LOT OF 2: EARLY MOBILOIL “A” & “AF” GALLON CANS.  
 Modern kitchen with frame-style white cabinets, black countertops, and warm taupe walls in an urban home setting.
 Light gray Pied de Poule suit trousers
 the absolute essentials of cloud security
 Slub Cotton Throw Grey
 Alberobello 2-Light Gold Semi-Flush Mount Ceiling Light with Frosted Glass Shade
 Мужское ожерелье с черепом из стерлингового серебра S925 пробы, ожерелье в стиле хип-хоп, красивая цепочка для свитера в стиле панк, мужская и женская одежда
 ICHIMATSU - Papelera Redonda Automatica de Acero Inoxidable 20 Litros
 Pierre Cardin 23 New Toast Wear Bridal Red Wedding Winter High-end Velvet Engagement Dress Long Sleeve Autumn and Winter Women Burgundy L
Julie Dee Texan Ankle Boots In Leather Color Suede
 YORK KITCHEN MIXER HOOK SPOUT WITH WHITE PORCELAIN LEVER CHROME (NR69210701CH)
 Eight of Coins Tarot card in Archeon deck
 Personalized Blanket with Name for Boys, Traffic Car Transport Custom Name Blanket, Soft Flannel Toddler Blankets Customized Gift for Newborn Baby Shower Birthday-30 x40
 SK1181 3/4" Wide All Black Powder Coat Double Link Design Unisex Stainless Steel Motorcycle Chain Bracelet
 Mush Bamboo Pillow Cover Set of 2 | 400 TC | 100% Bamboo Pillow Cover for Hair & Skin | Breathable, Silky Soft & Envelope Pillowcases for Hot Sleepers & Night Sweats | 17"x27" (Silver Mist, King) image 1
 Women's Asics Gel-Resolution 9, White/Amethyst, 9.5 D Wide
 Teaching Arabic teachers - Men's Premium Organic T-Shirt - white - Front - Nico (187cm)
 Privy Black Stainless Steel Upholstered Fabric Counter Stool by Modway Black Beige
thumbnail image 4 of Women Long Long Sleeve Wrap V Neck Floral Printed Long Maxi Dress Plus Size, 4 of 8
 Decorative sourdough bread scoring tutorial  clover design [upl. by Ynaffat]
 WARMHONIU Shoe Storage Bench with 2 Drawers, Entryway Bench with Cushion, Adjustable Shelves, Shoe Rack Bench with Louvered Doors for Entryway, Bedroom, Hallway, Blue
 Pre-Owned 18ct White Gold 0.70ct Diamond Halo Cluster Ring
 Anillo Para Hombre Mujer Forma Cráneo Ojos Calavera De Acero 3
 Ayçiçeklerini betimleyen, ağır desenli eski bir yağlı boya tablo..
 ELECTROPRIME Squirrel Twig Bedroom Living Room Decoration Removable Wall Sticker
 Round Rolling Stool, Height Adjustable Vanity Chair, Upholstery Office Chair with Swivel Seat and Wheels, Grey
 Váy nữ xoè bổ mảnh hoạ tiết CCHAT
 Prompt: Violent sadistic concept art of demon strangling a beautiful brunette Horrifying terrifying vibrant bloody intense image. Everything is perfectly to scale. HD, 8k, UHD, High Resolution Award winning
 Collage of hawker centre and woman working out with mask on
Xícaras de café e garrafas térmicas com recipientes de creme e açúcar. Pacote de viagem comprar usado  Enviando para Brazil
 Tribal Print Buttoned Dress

• **Activity**: Repeat verbatim the opening run of entries, ending with the line that contains "ICHIMATSU - Papelera".

• **Finished task**:
LOT OF 2: EARLY MOBILOIL “A” & “AF” GALLON CANS.  
 Modern kitchen with frame-style white cabinets, black countertops, and warm taupe walls in an urban home setting.
 Light gray Pied de Poule suit trousers
 the absolute essentials of cloud security
 Slub Cotton Throw Grey
 Alberobello 2-Light Gold Semi-Flush Mount Ceiling Light with Frosted Glass Shade
 Мужское ожерелье с черепом из стерлингового серебра S925 пробы, ожерелье в стиле хип-хоп, красивая цепочка для свитера в стиле панк, мужская и женская одежда
 ICHIMATSU - Papelera Redonda Automatica de Acero Inoxidable 20 Litros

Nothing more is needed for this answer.